Heterogeneity and rarity of Data with Dr. He Jingrui
Wednesday, March 27, 2013 from 4:00 PM to 6:00 PM (EDT)
San Francisco, California
London, United Kingdom
Many real-world problems exhibit both heterogeneity and rarity. Take insider threat detection from various social contexts as an example. While the target, malicious insiders, may only be a very small portion of the entire population (i.e., rarity), each person can be characterized by rich features, such as social friendship, emails, instant messages, etc (i.e., feature heterogeneity). Moreover, different types of insiders, though correlated, may exhibit different statistical characteristics (i.e., task heterogeneity).
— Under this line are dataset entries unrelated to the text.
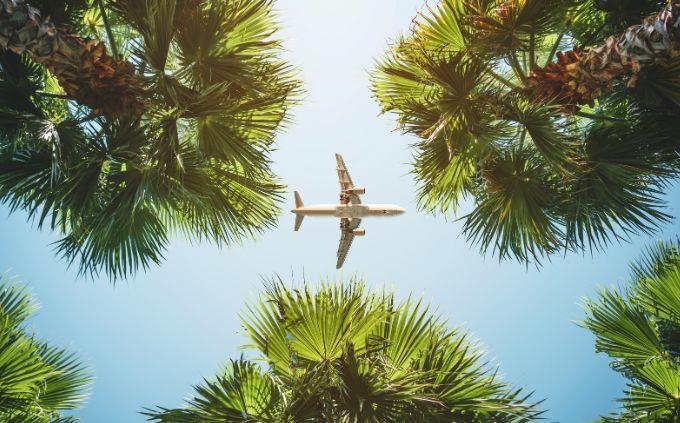 Que fenômeno natural reflete quem você é: um avião acima das árvores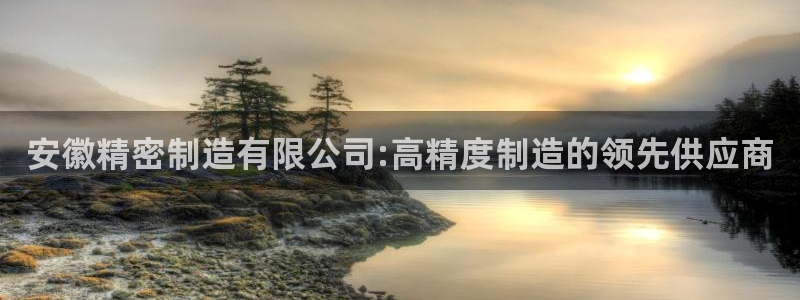彩神v8下载网址：安徽精密制造有限公司:高精度制造的领先供应商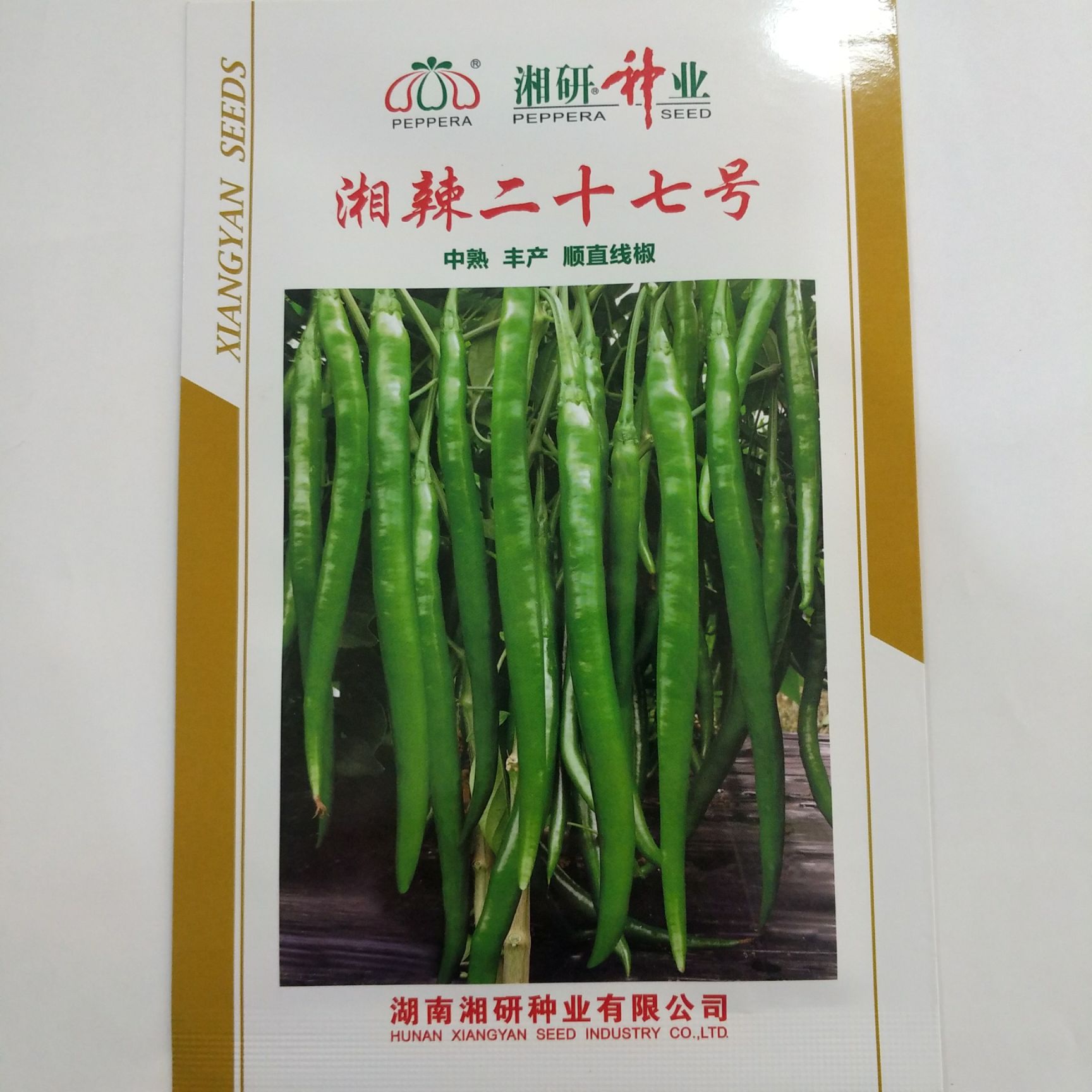 湘辣一号辣椒种子批发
For such problems, how can we quickly identify an example from a new rare category? How can we leverage both feature heterogeneity and task heterogeneity to maximally boost the learning performance?
In this talk, Dr. Jingrui will present her recent work on addressing these two challenges. For the challenge of rarity, she will introduce rare category analysis, e.g., how to detect the rare examples with the help of a labeling oracle. For the challenge of heterogeneity, she will present a graph-based approach taking into consideration both feature heterogeneity and task heterogeneity. Dr. Jingrui will also talk about how these techniques can be used in applications such as insider threat detection.
Dr. Jingrui He is currently an assistant professor in Computer Science Department at Stevens Institute of Technology. She received her M.Sc and Ph.D degree from Carnegie Mellon University in 2008 and 2010 respectively, both majored in Machine Learning. Her research interests include developing scalable algorithms for heterogeneous learning, rare category analysis, and semi-supervised learning, with applications in social network analysis, semiconductor manufacturing, traffic analysis, etc. She has published over 30 referred articles and served as the organization committee member of ICML, KDD, etc.